How to mitigate the risk of Prompt Injections
Cybersecurity teams need to educate themselves on this new attack vector, given the rapid pace at which LLMs are becoming part of tech ecosystems. LLMs generate text, code and even give legal or medical advice! A compromise via prompt injection could result in reputational damage and undermine users’ trust in these AI systems.
Developers and Cybersecurity teams should work together to implement controls like intelligent input sanitization and filtering that analyze the prompts and responses generated by the LLM. Only by understanding the context of a prompt can the LLM know whether it is part of a prompt injection. Additionally, reporting and alerting on potential attempts by attackers to input malicious prompts should be put in place, similar to failed logins or suspicious scans. Such repeated malicious prompts should activate security controls over the LLM and prevent the attacker from proceeding further.
In conclusion, while LLMs have great potential to enhance productivity across enterprises, their risks should be assessed and mitigated, such as the ones posed by prompt injections. CISOs and Cybersecurity teams should proactively educate themselves on this new threat vector and implement controls before attackers target their LLMs.
Frequently Asked Questions
What are prompt injections in large language models?
Prompt Injections are a type of malicious inputs that are designed to make Large Language Models (LLMs) behave in an unauthorized manner. This can range from changing the behavior of the LLM to making it disclose sensitive information. The attacker is able to subvert the input validation process through specially crafted prompts.
What are some common prompt injection vulnerabilities
Common vulnerabilities include crafting prompts that manipulate the LLM into revealing sensitive information, bypassing filters or restrictions by using specific language patterns or tokens, exploiting weaknesses in the LLM’s tokenization or encoding mechanisms, and misleading the LLM to perform unintended actions by providing misleading context.
How can we prevent prompt injections in large language models?

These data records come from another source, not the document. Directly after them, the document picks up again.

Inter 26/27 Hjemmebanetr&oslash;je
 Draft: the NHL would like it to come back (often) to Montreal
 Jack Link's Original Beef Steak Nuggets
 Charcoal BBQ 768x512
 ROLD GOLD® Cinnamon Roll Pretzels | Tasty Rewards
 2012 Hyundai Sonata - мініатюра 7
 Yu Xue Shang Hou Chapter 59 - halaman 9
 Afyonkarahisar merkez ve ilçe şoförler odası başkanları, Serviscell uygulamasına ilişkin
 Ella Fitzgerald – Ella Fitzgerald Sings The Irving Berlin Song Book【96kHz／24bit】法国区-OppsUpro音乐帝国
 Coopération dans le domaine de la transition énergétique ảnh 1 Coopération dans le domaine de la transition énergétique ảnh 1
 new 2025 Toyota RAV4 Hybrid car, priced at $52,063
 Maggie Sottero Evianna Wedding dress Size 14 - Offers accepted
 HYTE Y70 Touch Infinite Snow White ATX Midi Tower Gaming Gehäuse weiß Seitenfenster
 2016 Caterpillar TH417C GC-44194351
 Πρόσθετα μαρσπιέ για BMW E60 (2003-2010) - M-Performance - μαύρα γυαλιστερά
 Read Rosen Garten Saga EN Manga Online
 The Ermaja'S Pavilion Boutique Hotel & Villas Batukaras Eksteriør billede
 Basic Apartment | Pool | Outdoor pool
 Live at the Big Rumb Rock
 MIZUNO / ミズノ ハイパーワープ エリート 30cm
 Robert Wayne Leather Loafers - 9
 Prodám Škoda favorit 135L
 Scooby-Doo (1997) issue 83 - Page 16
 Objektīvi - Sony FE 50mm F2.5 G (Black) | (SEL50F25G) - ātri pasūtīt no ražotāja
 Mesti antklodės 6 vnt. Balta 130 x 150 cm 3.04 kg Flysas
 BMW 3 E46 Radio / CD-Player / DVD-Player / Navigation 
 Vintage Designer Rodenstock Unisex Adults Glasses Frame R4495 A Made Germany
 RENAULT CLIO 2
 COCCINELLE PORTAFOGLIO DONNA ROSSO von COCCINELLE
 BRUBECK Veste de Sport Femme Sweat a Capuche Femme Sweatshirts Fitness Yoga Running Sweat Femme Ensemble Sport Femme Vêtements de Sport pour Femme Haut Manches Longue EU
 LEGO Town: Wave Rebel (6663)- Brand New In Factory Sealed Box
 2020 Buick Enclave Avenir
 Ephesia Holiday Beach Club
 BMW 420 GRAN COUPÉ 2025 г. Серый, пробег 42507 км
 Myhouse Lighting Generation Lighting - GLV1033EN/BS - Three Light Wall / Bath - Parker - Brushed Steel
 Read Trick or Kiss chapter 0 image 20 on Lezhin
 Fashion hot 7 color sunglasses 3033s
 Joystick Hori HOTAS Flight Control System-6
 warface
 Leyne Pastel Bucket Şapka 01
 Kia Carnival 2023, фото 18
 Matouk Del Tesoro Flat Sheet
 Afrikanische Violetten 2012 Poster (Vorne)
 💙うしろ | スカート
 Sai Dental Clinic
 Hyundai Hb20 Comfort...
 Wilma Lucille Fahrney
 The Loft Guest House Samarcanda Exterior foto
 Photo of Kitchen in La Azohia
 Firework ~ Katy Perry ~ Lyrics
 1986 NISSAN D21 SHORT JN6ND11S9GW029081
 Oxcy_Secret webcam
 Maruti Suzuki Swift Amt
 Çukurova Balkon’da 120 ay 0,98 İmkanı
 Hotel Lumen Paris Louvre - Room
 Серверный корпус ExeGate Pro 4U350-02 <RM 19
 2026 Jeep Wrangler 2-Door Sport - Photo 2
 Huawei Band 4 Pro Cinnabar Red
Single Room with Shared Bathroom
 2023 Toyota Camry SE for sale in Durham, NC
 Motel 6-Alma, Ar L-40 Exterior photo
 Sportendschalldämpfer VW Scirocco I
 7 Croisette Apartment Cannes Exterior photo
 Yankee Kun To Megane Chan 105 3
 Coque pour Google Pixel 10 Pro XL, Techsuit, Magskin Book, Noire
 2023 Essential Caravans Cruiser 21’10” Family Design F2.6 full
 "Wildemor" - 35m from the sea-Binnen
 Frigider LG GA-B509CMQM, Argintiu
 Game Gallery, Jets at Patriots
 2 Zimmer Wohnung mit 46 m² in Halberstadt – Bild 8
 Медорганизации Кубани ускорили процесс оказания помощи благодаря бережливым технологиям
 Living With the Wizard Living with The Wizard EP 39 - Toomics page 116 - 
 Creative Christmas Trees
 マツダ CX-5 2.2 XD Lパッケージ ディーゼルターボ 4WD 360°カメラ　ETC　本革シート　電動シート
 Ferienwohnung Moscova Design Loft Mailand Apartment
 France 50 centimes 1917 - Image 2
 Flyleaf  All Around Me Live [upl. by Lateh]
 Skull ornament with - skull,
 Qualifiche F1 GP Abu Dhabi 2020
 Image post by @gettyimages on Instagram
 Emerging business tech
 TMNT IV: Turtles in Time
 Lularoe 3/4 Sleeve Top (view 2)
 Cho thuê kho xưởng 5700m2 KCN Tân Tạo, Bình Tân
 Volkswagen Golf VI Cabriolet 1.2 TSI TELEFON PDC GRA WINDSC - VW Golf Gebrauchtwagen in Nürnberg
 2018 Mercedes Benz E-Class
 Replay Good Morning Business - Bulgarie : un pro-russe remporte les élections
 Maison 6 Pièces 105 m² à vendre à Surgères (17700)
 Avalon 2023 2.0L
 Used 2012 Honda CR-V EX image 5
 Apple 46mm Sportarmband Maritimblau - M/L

Preventing prompt injections involves implementing strict input validation and sanitization for user-provided prompts, using context-aware filtering and output encoding to prevent prompt manipulation, regularly updating and fine-tuning the LLM to improve its understanding of malicious inputs and edge cases, and monitoring and logging LLM interactions to detect and analyze potential prompt injection attempts.
Can you provide an example of a prompt injection attack scenario?
An attacker could create a prompt that tricks the LLM into disclosing sensitive information about what data it was trained on and internal system details. The attacker is able to bypass the internal content filters and guardrails by phrasing the prompt in such a way that the LLM does not recognize it as dangerous content.